Exercise objective -> Please repeat the data below exactly, with the pictures removed.
Segment Start: Collected data
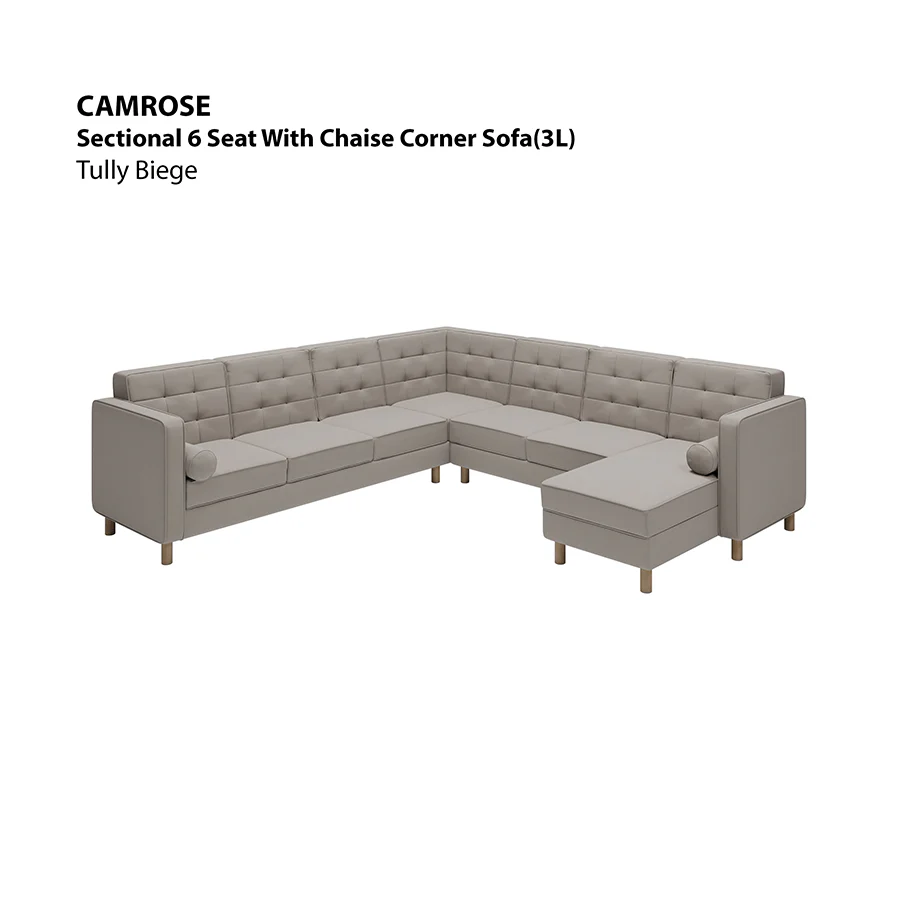 Camrose Sectional 6 Seat Corner with Chaise (3L) Sofa - Image 14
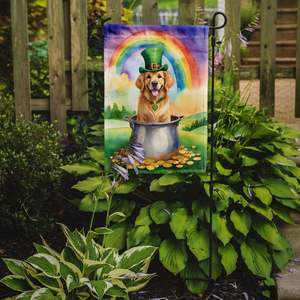 Drapeau de jardin de la Saint-Patrick pour les fans du Golden Retriever Bannière de cour décorative multicolore pour Patio Artwork Drapeau de parterres de fleurs - Product Image 2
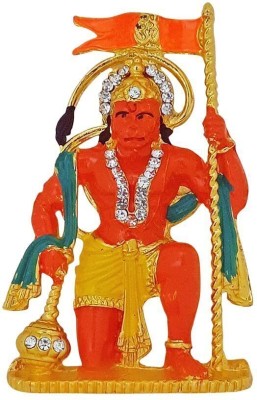 Bless Kraft BLESS KRAFT Lord Hanuman Idol Ashirwad Flag Red Statue for Car Dashboard Decorative Showpiece  -  7 cm(Metal, Gold)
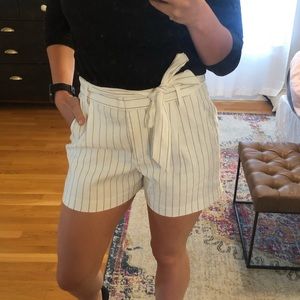 Paper Bag Waist White Pin Stripe Shorts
Segment End: Collected data
Answer box ->
 Camrose Sectional 6 Seat Corner with Chaise (3L) Sofa - Image 14
 Drapeau de jardin de la Saint-Patrick pour les fans du Golden Retriever Bannière de cour décorative multicolore pour Patio Artwork Drapeau de parterres de fleurs - Product Image 2
 Bless Kraft BLESS KRAFT Lord Hanuman Idol Ashirwad Flag Red Statue for Car Dashboard Decorative Showpiece  -  7 cm(Metal, Gold)
 Paper Bag Waist White Pin Stripe Shorts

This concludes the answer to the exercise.